Email Verification: spam stories, part 1
In spite of all the effort e-mail providers put in worldwide, every user receives a tremendous amount of unwanted and malicious mail to any e-mail account. It is indeed annoying, but let's look on the bright side: we can use these examples to demonstrate how useful the APIs by WhoisXML API can be in the battle against unwanted spam e-mails. In today's example we'll be using the e-mail verification API, the domain reputation API and the WHOIS API to analyze a spam email message which was not caught by a well-configured open-source spam filtering system.
One of our clients is in hold of an academic e-mail account at a large and respected university. The IT staff there is excellent, and they do a great job filtering out hundreds of spam emails an hour, directed to thousands of e-mail accounts. Yet there are some unwanted messages which still go through.
In particular, on 8 October, on the day of writing the present document, he received the following mail from [email protected], which he shared with us:
A profitable deal worth millions of Dollars. If interested email me
Wai Chim
Does not sound like a serious offer anyway, but… The reply-to address in the mail is [email protected]. A detailed look at the message source text does not reveal anything suspicious like links or scripts to run when opening the mail. So, apparently, whoever sent this message wants the addressee to reply to this e-mail account, thereby verifying that the potential victim at least might be ready to walk into his trap. After all, the mail did pass spam filtering at the server of the organization, as it is apparent from the following header lines:
X-Spam-Status: No, score=2.8 required=1500.0 tests=HTML_MESSAGE,
MISSING_HEADERS,SPF_PASS autolearn=no version=3.2.5
X-Spam-Level: **
X-Spam-Checker-Version: SpamAssassin 3.2.5 (2014-05-11) on xxx
X-Scanned-By: MIMEDefang 2.64 on xxx
(We do not disclose here the hostnames and IP addresses of our client's mail account: they were replaced with "xxx" as being irrelevant to this investigation anyway.) Nevertheless, we do have two e-mail addresses here, and let us take a close look at them.

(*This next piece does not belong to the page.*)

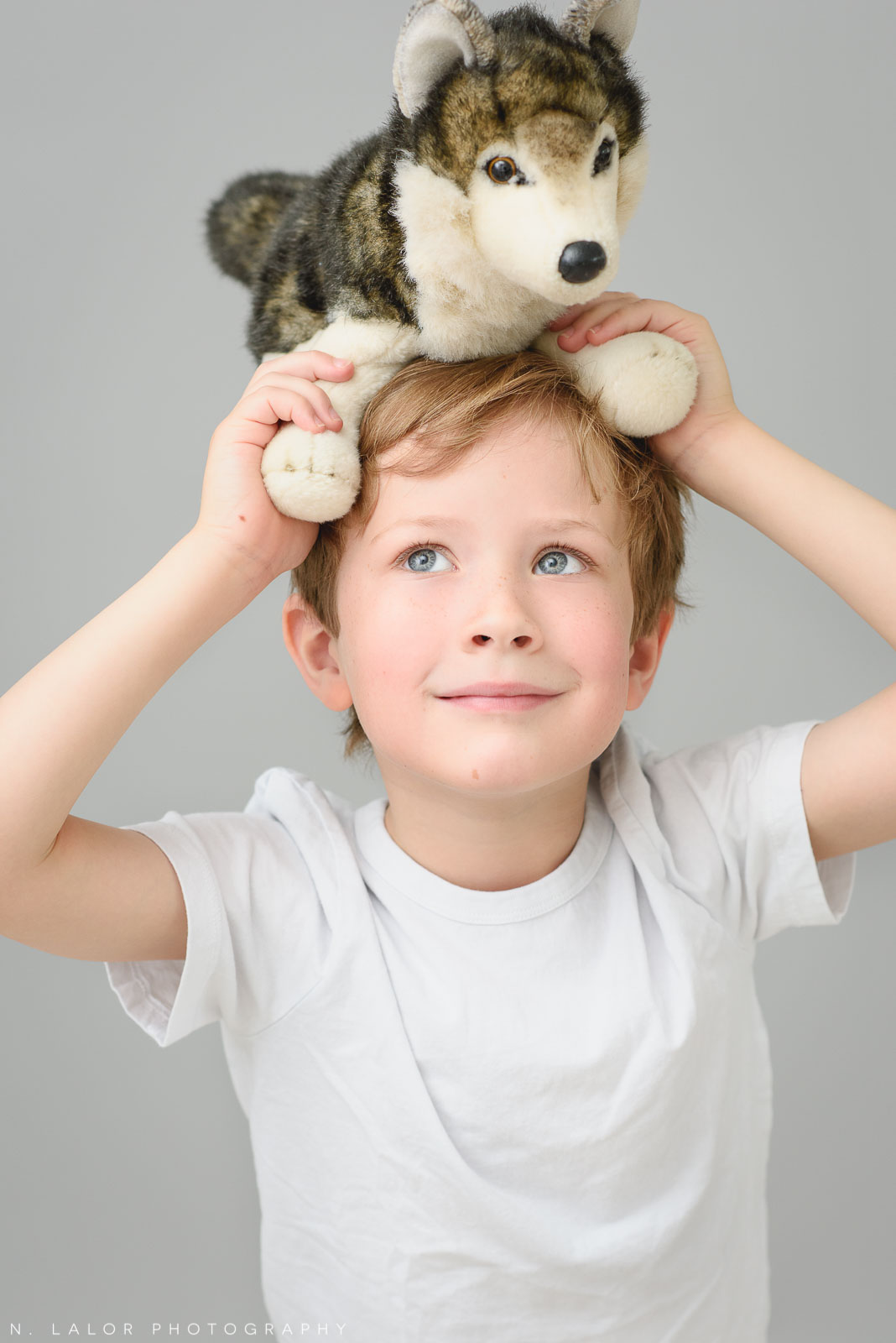 A boy and his favorite toy. Simple studio portrait session with N. Lalor Photography in Greenwich, CT.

First let's check them with the e-mail verification API. Running the two addresses through it does not reveal any issues: both e-mail addresses are valid. This can happen though. This API is aimed at verifying e-mails to avoid sending messages to non-functional addresses, it is not primarily intended for finding spam addresses. But there is an important message here still: spam can be sent from mail addresses which have no technical issues at all, just like in this case.
So let's proceed to check the involved domains' reputation and WHOIS data. As for the reputation, we shall be using the domain reputation API. In particular, we use the following command-line on a Linux box:
curl --get "https://domain-reputation-api.whoisxmlapi.com/api/v1?apiKey=API_KEY&domainName=cuw.edu&mode=full"
where "API_KEY" is to be replaced with a valid API key. You can get one with 100 queries a month for free at the API website to try it yourself. Alternatively, you can just make a few queries directly from the webpage of the API.
As for "cuw.edu", we get
{
"reputationScore":97.52,
"testResults":[
{
"test":"WHOIS Domain check",
"warnings":[
"Owner details are publicly available"
]
},
{
"test":"SOA record configuration check",
"warnings":[
"The expire interval is 1296000. Recommended range is [604800 .. 1209600]",
"The minimum TTL is 60. Recommended range is [3600 .. 86400]"
]
},
{
"test":"Mail servers configuration check",
"warnings":[
"AAAA records not configured for mail servers: smg03.cuw.edu, smg01.cuw.edu, recr4app.cuw.edu, incoming01.cuw.edu, smg04.cuw.edu, smg02.cuw.edu",
"DMARC is not configured"
]
},
{
"test":"Potentially dangerous content",
"warnings":[
"Redirects found"
]
},
{
"test":"SSL vulnerabilities",
"warnings":[
"Your server supports suboptimal cipher suites: ECDHE-RSA-DES-CBC3-SHA, DES-CBC3-SHA",
"HPKP headers not set",
"HTTP Strict Transport Security not set",
"Heartbeat extension disabled",
"TLSA record not configured or configured wrong",
"OCSP stapling not configured"
]
}
]
}
The reputation score is high, so the domain is basically okay, although the rest of the report shows a number of issues which would be important to check by the personnel running this domain.
But who are they? It is a WHOIS lookup that can give us the answer.
Technicalities: The good old WHOIS API is suitable for this kind of task: it is still the best source of fundamental domain ownership and registration date information. For users who prefer command-line tools, there is the bestwhois command line utility available on GitHub, which makes it very simple to look at the current (and even historic) WHOIS data for a domain without restrictions.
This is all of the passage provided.